What is the prejudice in the disclosure of reserve information?
In Kanani, Economical denied the allegation that it acted in bad faith and stated it was unaware of the need for attendant care benefits. In this case, disclosure of its reserve information would have been highly prejudicial either way – if reserves were set, then it would be argued that Economical was aware of the exposure for attendant care and did not advise the plaintiffs; if reserves were not set, then it would be argued that Economical never intended to pay.

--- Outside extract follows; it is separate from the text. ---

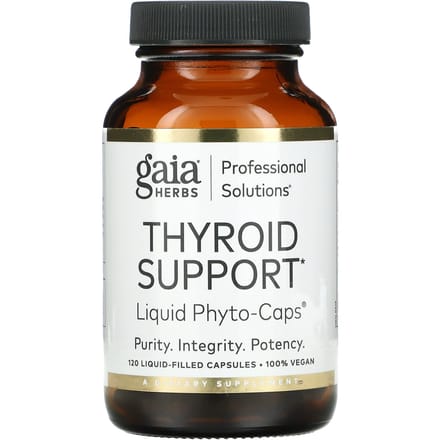 Gaia Herbs Professionele Oplossingen, Schildklier Ondersteuning, 120 Vloeibare Capsules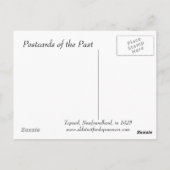 Oud Briefkaart - Newfoundland, Topsail in 1925 (Achterkant)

In general, disclosing reserve information is extremely prejudicial to insurers because Ontario’s Rules of Civil Procedure require continuous disclosure and reserves can be changed at any time and are continually updated. If disclosure is required, the defendant would be required to continually disclose the existence of the reserve level as more information is received, and would have a continuing obligation to advise the plaintiff of changes in the reserve level up to the time of trial. In effect, it places a continuing obligation to tell the plaintiff how much the insurer believes the case is worth, which is an unfair and unnecessary advantage to the plaintiff.
The insurer would be further prejudiced by the impairment of its ability to negotiate a settlement because knowledge of the reserve might make the plaintiff feel entitled to settlement in that amount even though the reserve is nothing more than an intelligent estimate of the risk as a whole by the insurer, which risk includes line items beyond those payable to the plaintiff, and is based upon the facts as known at the time.
In this case, Justice Nadeau held that the prejudice to the insurer outweighs any probative value the reserve information could have.
Disclosure of reserve information in the vast majority of cases is not required because reserves do not relate to the process or manner in which the claim is assessed or adjudicated and therefore not relevant to allegations of bad faith conduct. Even in the rare case where reserve information is relevant, disclosure should be opposed as it is highly prejudicial and could compromise trial fairness.